Orderly İle İlgili Cümleler İngilizce Cümle İçinde Kullanımı
Orderly
Orderly kelimesi “düzenli, tertipli” anlamına gelir.
- She kept her desk orderly by filing papers every day. (Her gün kağıtları dosyalayarak masasını düzenli tuttu.)
- The librarian asked the students to keep the books in an orderly fashion. (Kütüphaneci öğrencilerden kitapları düzenli bir şekilde koymalarını istedi.)
- The soldiers marched in an orderly fashion. (Askerler düzenli bir şekilde yürüdüler.)
- The teacher gave instructions to the students in an orderly manner. (Öğretmen öğrencilere düzenli bir şekilde talimatlar verdi.)
- The company’s financial records were kept in an orderly fashion. (Şirketin mali kayıtları düzenli bir şekilde tutuldu.)
- The waiter served the food in an orderly manner. (Garson yemekleri düzenli bir şekilde servis etti.)
- The books on the shelf were arranged in an orderly fashion. (Raftaki kitaplar düzenli bir şekilde sıralanmıştı.)
- The manager instructed the employees to keep the workplace orderly. (Yönetici çalışanlara iş yerini düzenli tutmaları konusunda talimat verdi.)
- The artist arranged his paintings in an orderly manner for the exhibition. (Sanatçı sergi için tablolarını düzenli bir şekilde yerleştirdi.)
- The airport security checked the passengers in an orderly fashion. (Havaalanı güvenliği yolcuları düzenli bir şekilde kontrol etti.)
- The hotel staff made sure the guests’ rooms were kept in an orderly manner. (Otel personeli konukların odalarının düzenli tutulmasını sağladı.)

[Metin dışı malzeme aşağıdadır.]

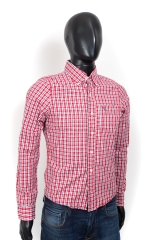 *Abercrombie Fitch Mens Shirt Vintage Muscle 36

- The children lined up in an orderly fashion for recess. (Çocuklar teneffüs için düzenli bir şekilde sıralandı.)
- The construction workers followed the plans in an orderly manner. (İnşaat işçileri düzenli bir şekilde planları takip etti.)

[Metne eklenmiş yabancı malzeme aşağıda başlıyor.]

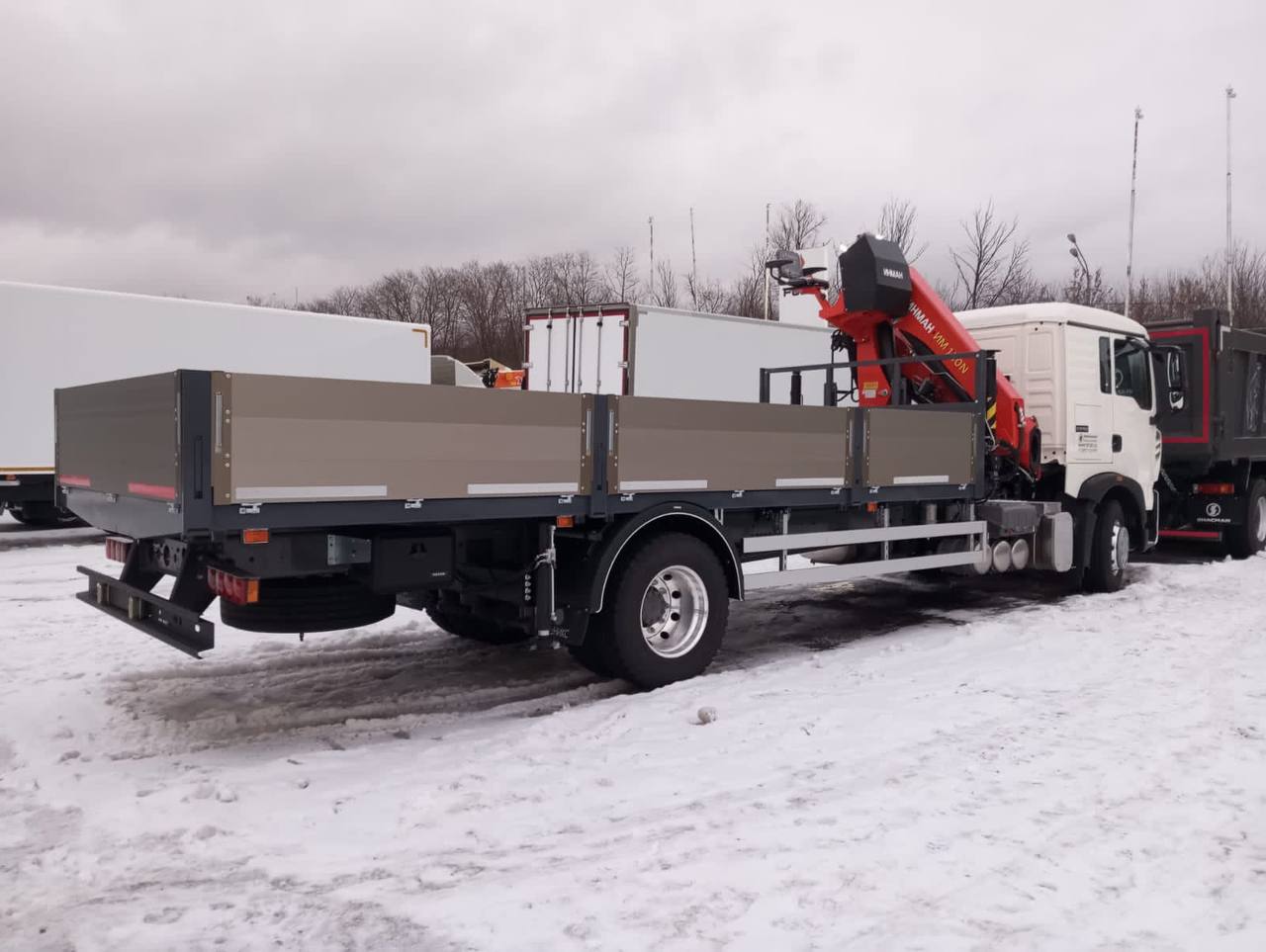 КМУ INMAN ИМ 150N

- The meeting was conducted in an orderly fashion. (Toplantı düzenli bir şekilde yapıldı.)
- The warehouse manager organized the products in an orderly manner. (Depo yöneticisi ürünleri düzenli bir şekilde organize etti.)
- The traffic flowed in an orderly manner thanks to the traffic lights. (Trafik ışıkları sayesinde trafiğin akışı düzenliydi.)

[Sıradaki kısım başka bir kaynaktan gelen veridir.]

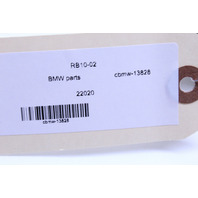 2013 BMW X3 N20 Turbocharger Air Pressure Pipe Hose - 13717597592 OEM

- The medical staff worked in an orderly fashion to treat the patients. (Tıbbi personel hastaları tedavi etmek için düzenli bir şekilde çalıştı.)
- The chef prepared the ingredients in an orderly manner for the recipe. (Şef tarif için malzemeleri düzenli bir şekilde hazırladı.)
- The judge asked the lawyers to present their arguments in an orderly manner. (Hakim avukatlardan argümanlarını düzenli bir şekilde sunmalarını istedi.)
- The fire drill was conducted in an orderly fashion. (Yangın tatbikatı düzenli bir şekilde yapıldı.)
- The store manager instructed the employees to keep the shelves orderly. (Mağaza müdürü çalışanlara rafları düzenli tutmaları konusunda talimat verdi.)
- The cleaning staff made sure the hotel lobby was kept in an orderly manner. (Temizlik personeli otel lobisini düzenli tutmaya dikkat etti.)
- The police officers directed the crowd in an orderly fashion during the parade. (Polis memurları geçit töreni sırasında kalabalığı düzenli bir şekilde yönlendirdi.)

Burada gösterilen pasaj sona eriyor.